Diversification Opportunities for Coca Cola and SHERWIN
Very good diversification
The 3 months correlation between Coca and SHERWIN is -0.36. Overlapping area represents the amount of risk that can be diversified away by holding The Coca Cola and SHERWIN WILLIAMS 33 percent in the same portfolio, assuming nothing else is changed. The correlation between historical prices or returns on SHERWIN WILLIAMS and Coca Cola is a relative statistical measure of the degree to which these equity instruments tend to move together. The correlation coefficient measures the extent to which returns on The Coca Cola are associated (or correlated) with SHERWIN. Values of the correlation coefficient range from -1 to +1, where. The correlation of zero (0) is possible when the price movement of SHERWIN WILLIAMS has no effect on the direction of Coca Cola i.e., Coca Cola and SHERWIN go up and down completely randomly.

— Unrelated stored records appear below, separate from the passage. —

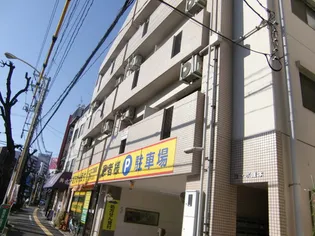 コーポ道本【2階】の外観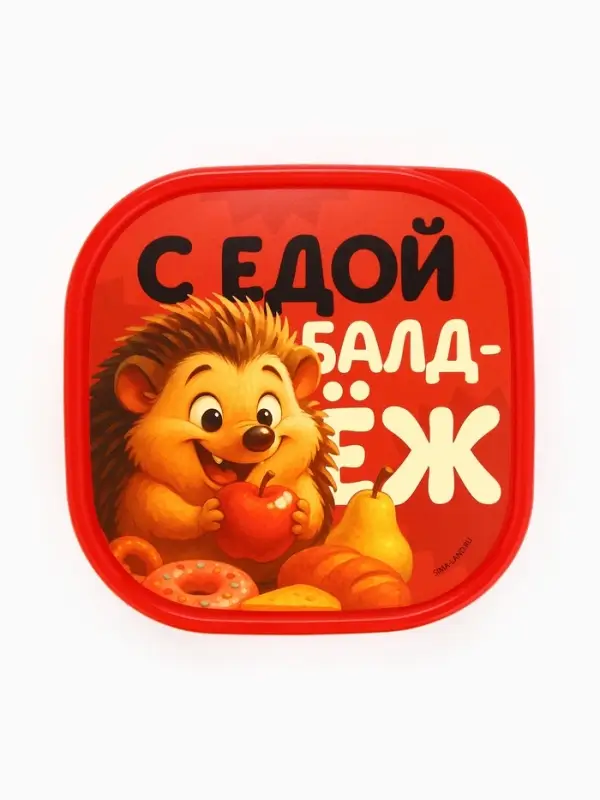 Ланч - бокс квадратный &laquo;БалдЁЖ&raquo;, 700 мл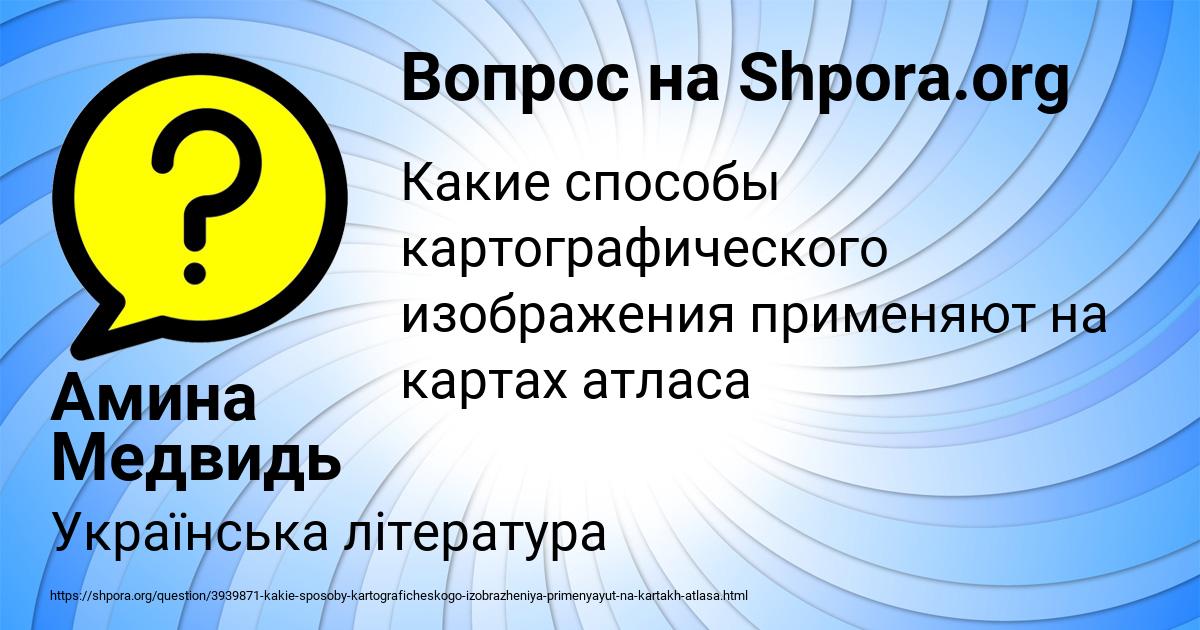 Картинка с текстом вопроса от пользователя Амина Медвидь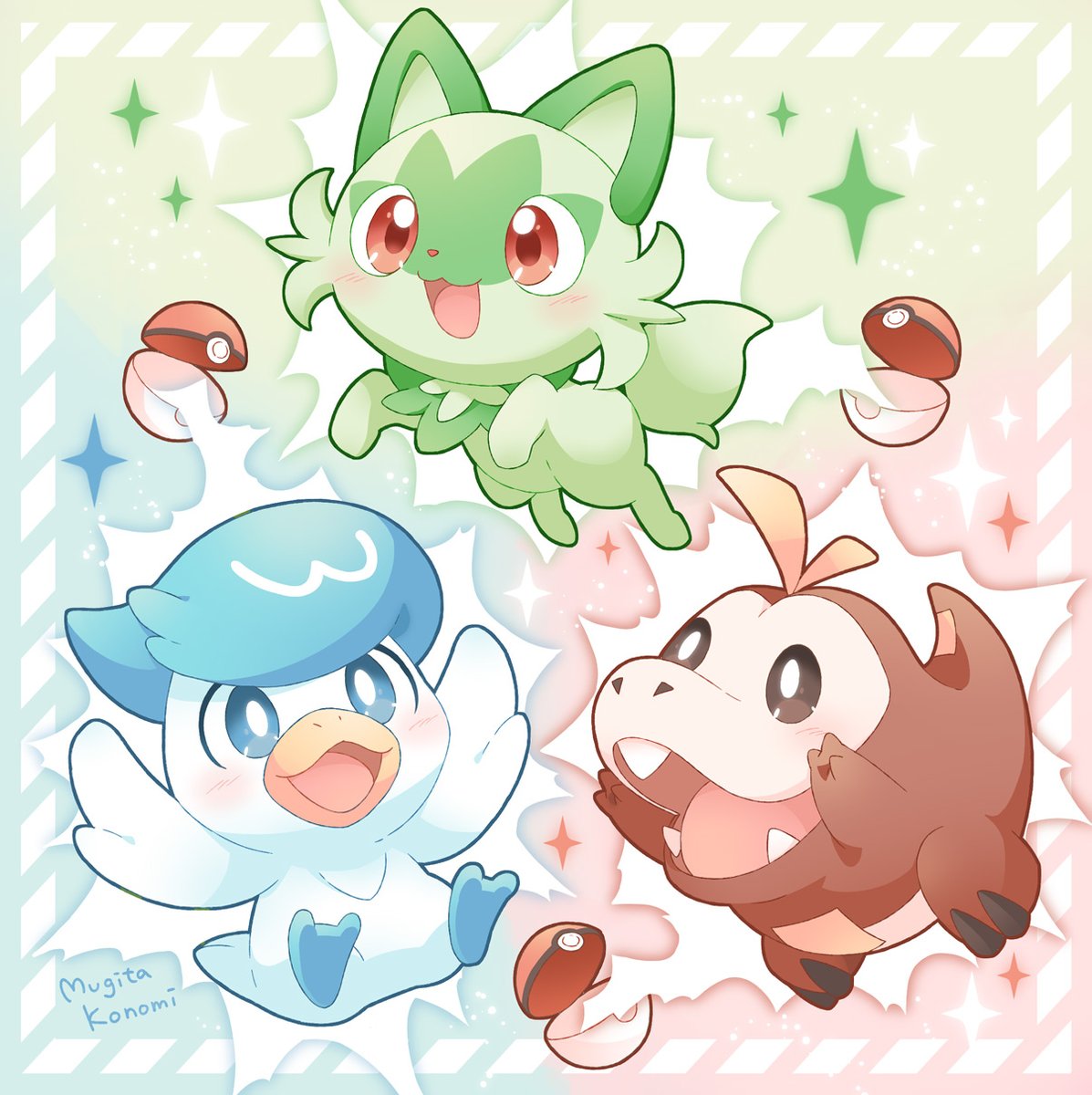 ポケモン「夢と希望と ワクワクの冒険に 出発!#ポケモンSV 」|麦田このみ🎀イラストレーターのイラスト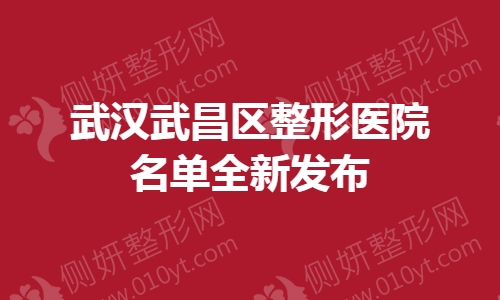 武汉武昌区整形医院名单全新发布
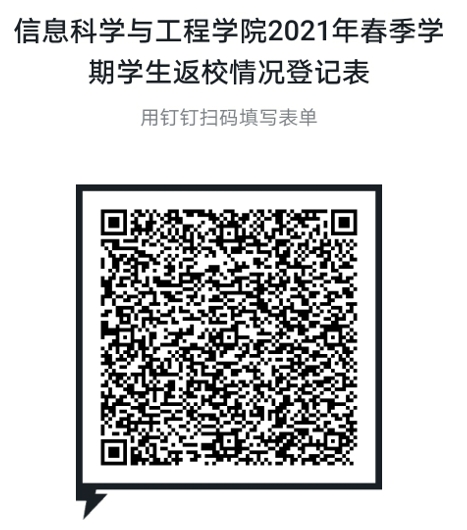 88看球NBA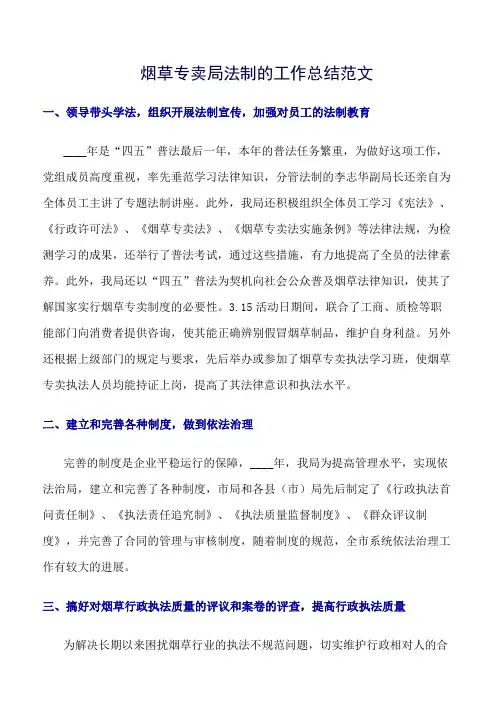 《精选总结范文》烟草专卖局法制的工作总结范文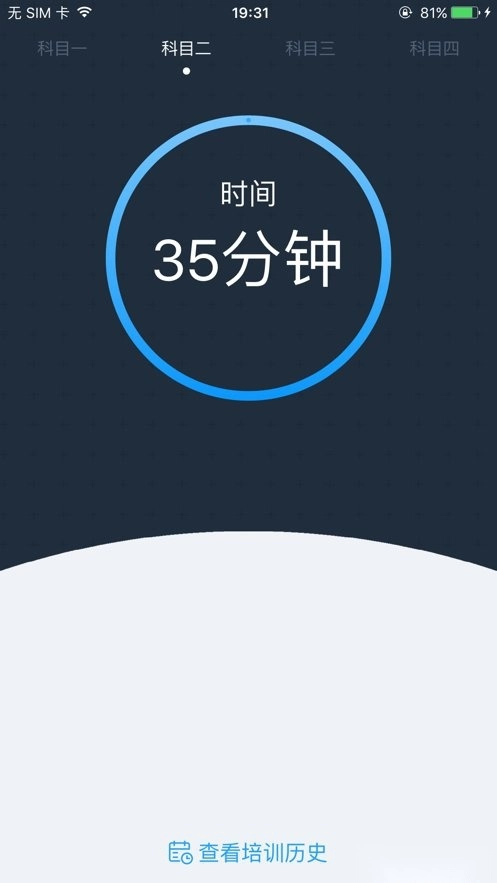 好学车学员版(1)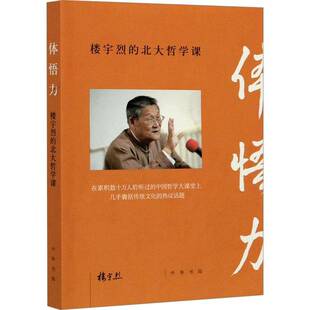 体悟力：楼宇烈的北大哲学课/楼宇烈著 焦雅君编选楼宇烈焦雅君  历史书籍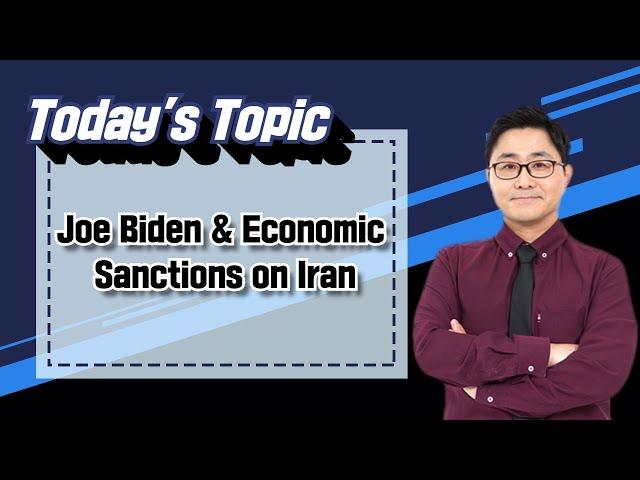 [영어뉴스] Joe Biden & Economic Sanctions on Iran | 김성백의 영어뉴스 핵심패턴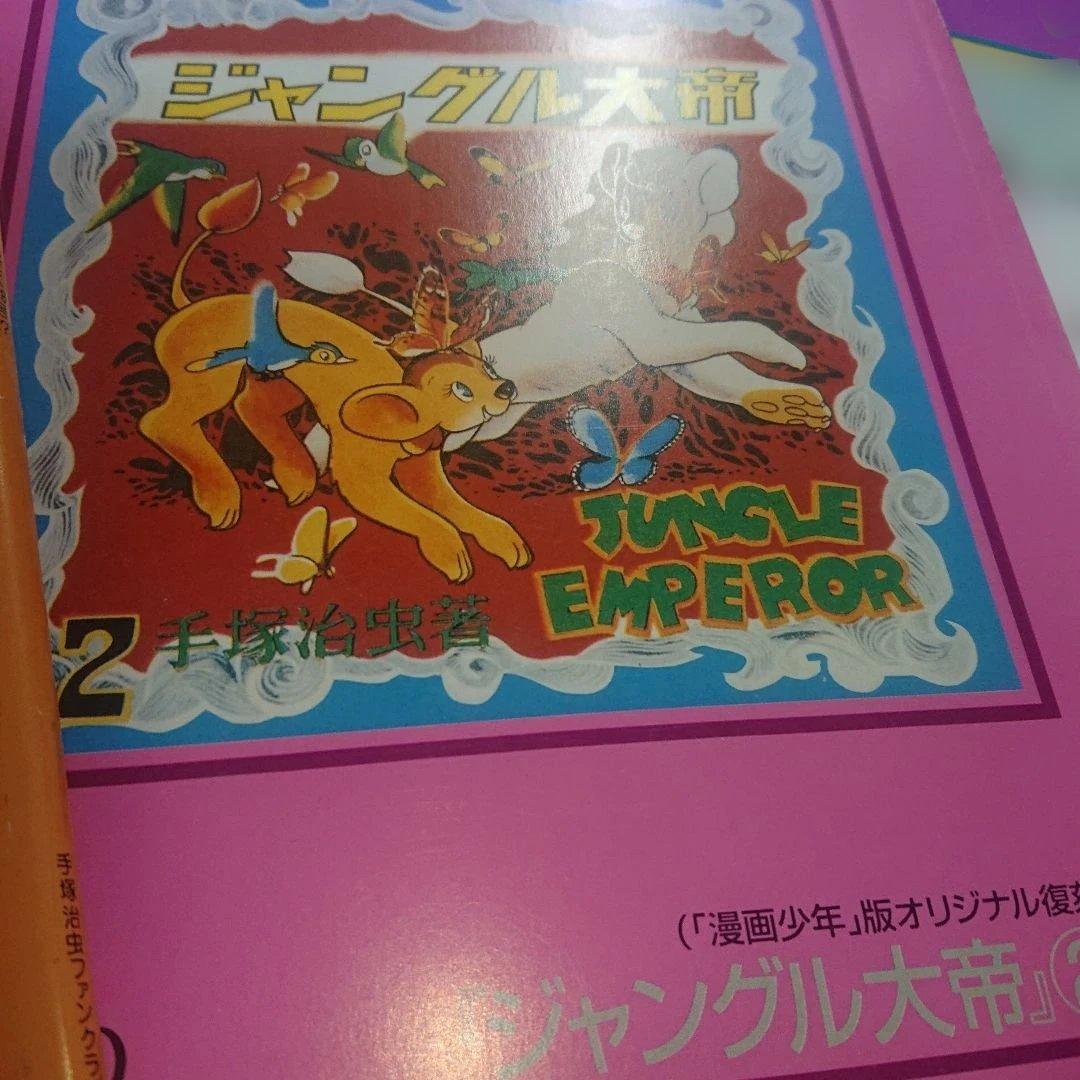 手塚治虫ファンクラブ京都 ヒョウタンツギタイムス 28号～32号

Pair Corralation between Coca Cola and SHERWIN
Allowing for the 90-day total investment horizon The Coca Cola is expected to under-perform the SHERWIN. In addition to that, Coca Cola is 2.78 times more volatile than SHERWIN WILLIAMS 33 percent. It trades about -0.21 of its total potential returns per unit of risk. SHERWIN WILLIAMS 33 percent is currently generating about -0.06 per unit of volatility. If you would invest 9,899 in SHERWIN WILLIAMS 33 percent on September 4, 2024 and sell it today you would lose (72.00) from holding SHERWIN WILLIAMS 33 percent or give up 0.73% of portfolio value over 90 days.
Time Period | 3 Months [change] |
Direction | Moves Against |
Strength | Insignificant |
Accuracy | 65.63% |
Values | Daily Returns |
The Coca Cola vs. SHERWIN WILLIAMS 33 percent
Performance |
Timeline |
Coca Cola |
SHERWIN WILLIAMS |
Coca Cola and SHERWIN Volatility Contrast
Predicted Return Density |
Returns |
Pair Trading with Coca Cola and SHERWIN
The main advantage of trading using opposite Coca Cola and SHERWIN positions is that it hedges away some unsystematic risk. Because of two separate transactions, even if Coca Cola position performs unexpectedly, SHERWIN can make up some of the losses. Pair trading also minimizes risk from directional movements in the market. For example, if an entire industry or sector drops because of unexpected headlines, the short position in SHERWIN will offset losses from the drop in SHERWIN's long position.Coca Cola vs. Monster Beverage Corp | Coca Cola vs. Celsius Holdings | Coca Cola vs. Coca Cola Consolidated | Coca Cola vs. Keurig Dr Pepper |
Check out your portfolio center.Note that this page's information should be used as a complementary analysis to find the right mix of equity instruments to add to your existing portfolios or create a brand new portfolio. You can also try the Crypto Correlations module to use cryptocurrency correlation module to diversify your cryptocurrency portfolio across multiple coins.